The oldest Polish sequence, Hac Festa Die, in praise of St Adalbert, was probably written in Gniezno as early as the 12th century. It belongs to the socalled transition sequences, with irregular structure but already rhymed. Its stanzas often end in the letter „a”. The text refers to Poland and Poles. At the end, St Adalbert, patron saint of Poland is addressed: Preserve your kin from Poland, who gratefully sing Alleluia to you.
Sanctus-Agnus Dei (Darling Maiden)
The Graduale Romano – Franciscanum from the 1st half of the 13th century (MS No: M 205), kept by the convent of Poor Clares in Cracow, contains Polish annotations on performance and later additions from the turn of the 14th century. This addition comprises Sanctus – Agnus Dei chants with a melody (?), interwoven with a text in Polish written in vermilion: Darling Maiden… if it’s… not you… there’ll be another. An amazing thing: a Polish love song (!) or rather, I believe, a monastic song from the so-called Interrogatorium for novices prior to their admittance to convent or taking vows, was inserted into a venerable liturgical chant. It is an unusual and peculiar example.
Ortus De Polonia is an antiphon to St Stanislaus, patron saint of Poland. The text is by Wincenty of Kielce (13th century); the melody comes from a 15th-century Viennese manuscript (Wien, Oesterr. Nationalbibliothek, COD 1765, Photo Nr M 48162).
Gaude Mater Polonia is a hymn to St Stanislaus. The author of the text from ca 1255, Wincenty of Kielce, presumably also adapted the melody from some Dominican sources known to him. The hymn was very popular in Poland and had many transmissions. In the 17th century it was included in the Proprium Sanctorum Regni Poloniae. Its text and melody can be found in the Kielce Antiphonary of 1372, kept in the Archives of Kielce Cathedral (f. 226).

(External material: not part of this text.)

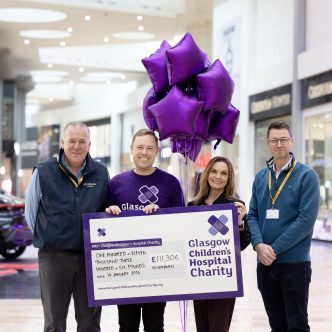 Silverburn staff holding a Glasgow Children's Hospital Charity cheque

Missa Regia is a liturgical chant for the mass in the Dorian mode by Wallonian composer Henri de Tier (1610-1684), better known as Henri du Mont (or Dumont), an organist and choirmaster to the court of Louis XIV. Unlike all known Gregorian masses, the Royal Mass (Messe Royale) forms a compact whole both thematically and structurally. It has a remarkably beautiful melodic line. Three liturgical books: the French Liber Usualis – Paroissien Romain… Paris, Toutnai Romae 1984 and the Liber Usualis of 1951 contain three masses by this composer in church modes I, II and VI.